The National Park Service (NPS) is joining the fight against aquatic invasive species (AIS) in a big way.

As reported at the conference by managers throughout the region, invasive zebra and quagga mussels pose the greatest threat to Northwest waterways. An infestation could cost hundreds of millions of dollars annually to infrastructure and personal property if not dealt with effectively.

Fortunately, Lake Roosevelt is currently free of these mussels. Other AIS species in our midst, however, include Asian clams, northern pike, Eurasian milfoil, and crayfish.

NPS has secured funding for a new staff person and seasonal work crew, purchase of 6 hot water decontamination units, and public outreach materials. On point is Meghan Lyons, who joins NPS staff after 10 years working in fisheries in the Colville National Forest. Said Lyons, “The biggest thing people can do is clean, drain and dry their boat every time they go in and out of a waterbody.”

A high visibility piece is putting into service 6 hot water decontamination units purchased earlier this year by NPS. “Three of these units will be used by NPS staff, and three will go to our partners: the Spokane Tribe of Indians, Colville Confederated Tribes, and Washington Department of Fish and Wildlife (WDFW),” said Lyons.

This year NPS will, on randomly selected days, conduct inspections and place decontamination units at various boat launches. Said Lyons, “Starting in mid-June we’ll pick popular, frequently used boat launches.” Here’s what to expect if you arrive at a boat launch with inspection activities:

  • A seasonal crew will ask you where you’re boat’s been the last thirty days. If it’s local waters and the boat is clean and dry, inspection could be done in 5 to 10 minutes.
  • If your boat has come from Lake Mead or other waters known to be infested, the inspection could take 15 – 30 minutes. Even if nothing is found a hot water decontamination may be suggested because the presence of AIS can be very hard to detect.
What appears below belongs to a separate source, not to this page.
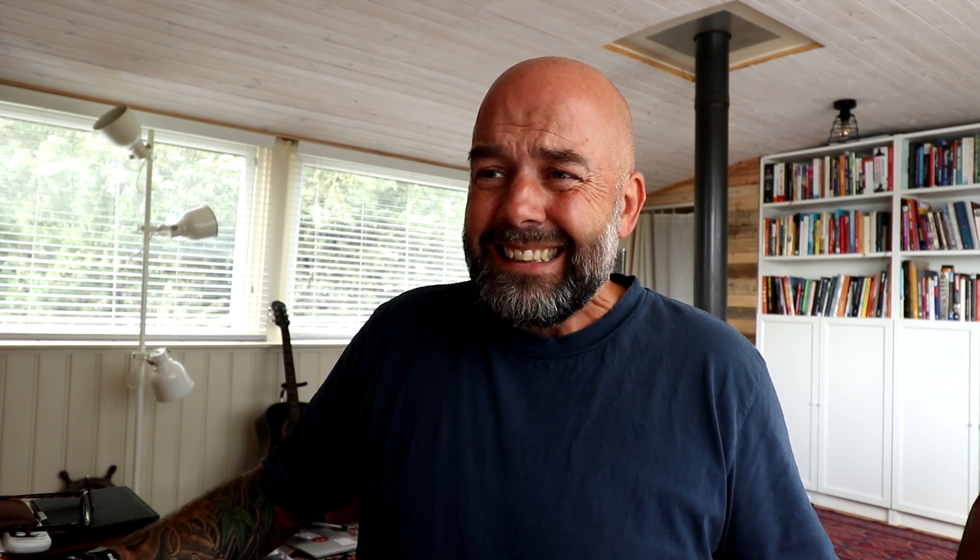I think this is a good market to get into. I've done videos on the Halloween niche and the puzzle book market — it is a very strong market. You've chosen a keyword that's not too competitive so there's a good chance of ranking. The only thing I'm not sure of is you've written 'the dreadful' in front. That might put people off — it's a very negative word. People might subconsciously trigger 'dreadful book, okay, pass.' I'd take that off if I was publishing this book.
Those doing inspections will also provide brochures and other information to educate and inform the public, including teaching boaters how to do their own inspections. Signage advising people of WA State AIS regulations will be posted at boat launches. And NPS is providing a phone number (509-754-7869) to encourage people to reach out for assistance, including scheduling a time for hot water decontamination.

“Really,” said Lyons, “the best thing for folks coming from infested areas is to have your boat out of the water, clean and dry for a week or longer. The next best thing is to call us and ask questions. We’re here to help.” Two excellent web resources are from WDFW (wdfw.wa.gov/ais), and the 100th Meridian Initiative (100thmeridian.org).

With 22 boat launches operated by NPS and additional ones operated by tribes, it’s certainly possible to avoid inspection. “This only works,” said Andy Dunau, the Forum’s Executive Director, “if people see this as doing their part to protect Lake Roosevelt and protect property. The benefits of finding and addressing problems before they get in the lake are enormous.”

WDFW will operate their decontamination unit out of their Spokane Office. Those trailering boats from other areas can call ahead for inspection and assistance. In addition, those stopped at Idaho or other inspection stations can be escorted to WDFW’s Spokane Office to address matters of concern.

The Spokane Tribe of Indians and Colville Confederated Tribes are determining how to integrate decontamination units into existing staff time and resources.

On the monitoring and inventory side of the equation, this summer NPS will be focusing on locating and mapping AIS like Eurasian milfoil and crayfish. As for suppression, they’re encouraging catch and permanent removal of northern pike and non-native crayfish.